Under the leadership of Mike Marusic, Sharp has developed a particularly effective way to reach a maximum number of dealers and convey the message for the New Year. The concept for the Sharp Roadshow is simple—instead of hosting a large event, for all dealers, to a central location and present the current efforts to help Sharp move forward, they take the same program, shrink it down, and put it on the road.
CEO CJ Cannata and Chief Editor Mark Vruno took part in the Sharp Roadshow in Anaheim, California. I was unable to attend the meeting in California due to a conflict and was invited to the last stop on the Sharp Roadshow tour in Atlanta. (Also see my “Fridays with Frank” video covering the Georgia event.) The individual meetings host 40 or more dealer principles plus employees from each one of the dealerships. Total attendance is 100 + at each one of the road shows. The value to the dealers is they have a much better opportunity to talk to senior management at a road show than a large dealer meeting where they must compete with 160 or so dealers for attention.
In Marusic’s presentation he raised the question of the road show’s value versus the larger meeting later in the year [October]. My sense is Mike prefers four smaller gatherings as opposed to the one large meeting in the fall.
More JVs? Time will tell.
In addition, he framed his discussion to address consolidation in our industry. In this case it was addressing manufacturers as opposed to dealers. He pointed out that at one point Sharp (laptops) and Toshiba (displays) had joint ventures. Eventually, Sharp bought them out. His inference was that we would see more of this, which will lead to certain manufacturers getting out of the business. A premise with which we must totally disagree. However, his statement, at least on the surface, is highly credible. We will see how it all plays out.
Marusic pointed out the diversification that Sharp has taken in laptops and audio visual has driven more Gross Profit to Sharp and has allowed them to embrace a broad range of technologies. This includes the products mentioned along with unified communications. The point he made is that Sharp is embracing all the technologies which leads to a greater Gross Profit.
John Sheehan, senior VP of Channel Sales, and Dino Pagliarello, VP of Product Management & Production Print, followed Mike to the Sharp Roadshow stage. Later this year we’ll be talking with Chip Miceli, whose Pulse Technology dealership in the Chicago area is taking on production print. The whole Sharp approach to getting dealers up to speed in this key area will be laid out.
Others, including Vince Jannelli, associate VP of Software Product Management, addressed A3 and A4 and how the print world is changing. The individual speakers continued to broaden the discussion of print to lead to making statements such as AI is imbedded in Sharp devices and not a separate product. The aim of the sales focus is no longer a product focus; it is process focused.

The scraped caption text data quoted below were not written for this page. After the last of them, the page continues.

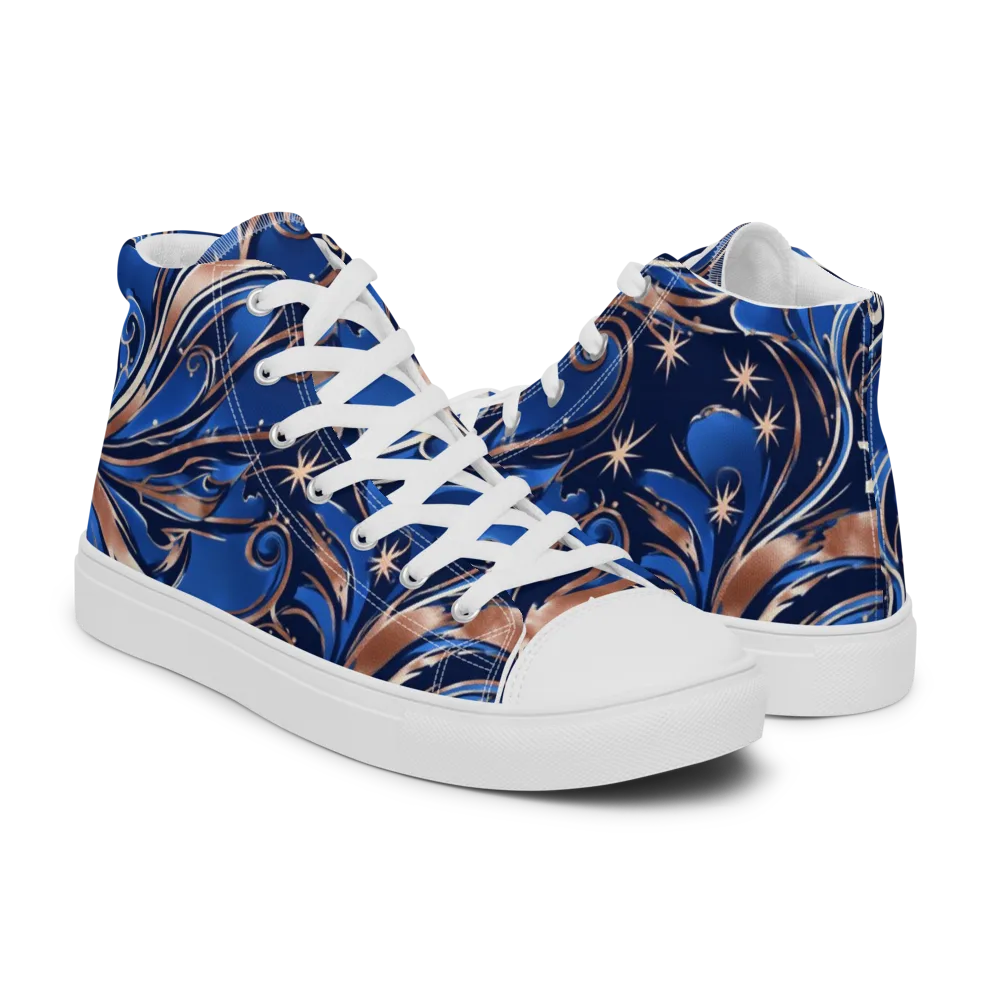 Royal Undertow on Men's High Top Canvas Shoes — Right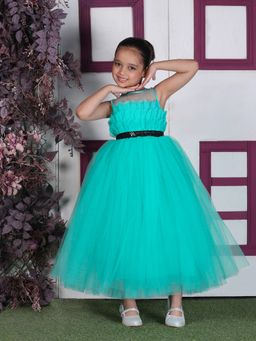 Toy Balloon Kids - Turquoise Full Length Girls Party wear Gown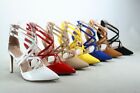New Women s Strappy Pointed Toe Ankle Strap Buckles Zip Heel Dress Pumps Shoes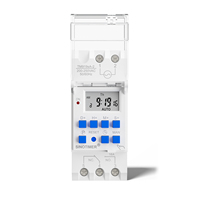 Temporizador semanal digital 16A TM919sA, precisión de 1 segundo, 28 programas, Universal 5/12/24VDC o 110/230VAC, 50/60Hz, botones azules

Henry Woods, sales director for Pro AV, addressed audiovisual solutions and digital scoreboards. Erica Calise, director of Government & National Accounts, discussed successes with Dynabook and spoke of Toshiba introducing this product in 1985, which was the world’s first laptop. Sharp made it a joint venture and bought out Toshiba. She claimed they are now moving 30,000 laptops per quarter.
Pagliarello announced that the Sharp production printing line up will include 12 products, which is an enormous undertaking. They are currently waiting for the arrival of two products for which they have extremely lofty expectations.
Roadshows rule!
To answer Mike’s question about Roadshows versus National Dealer Meetings we would like to add: “Do the roadshows.” The dealers prefer them because it gives them greater opportunity to face-to-face senior management and the leaders of the various product areas plus technical service and IT. We have been to three Sharp Roadshow events over the last few years and found them highly informative and have only one suggestion: have dealer panels to discuss critical areas of the business. The audience values it, and their message sticks like glue. Dealer talking to dealer always works well. That’s my take.

GOING UP: Atlanta attendees were all smiles in an elevator ride!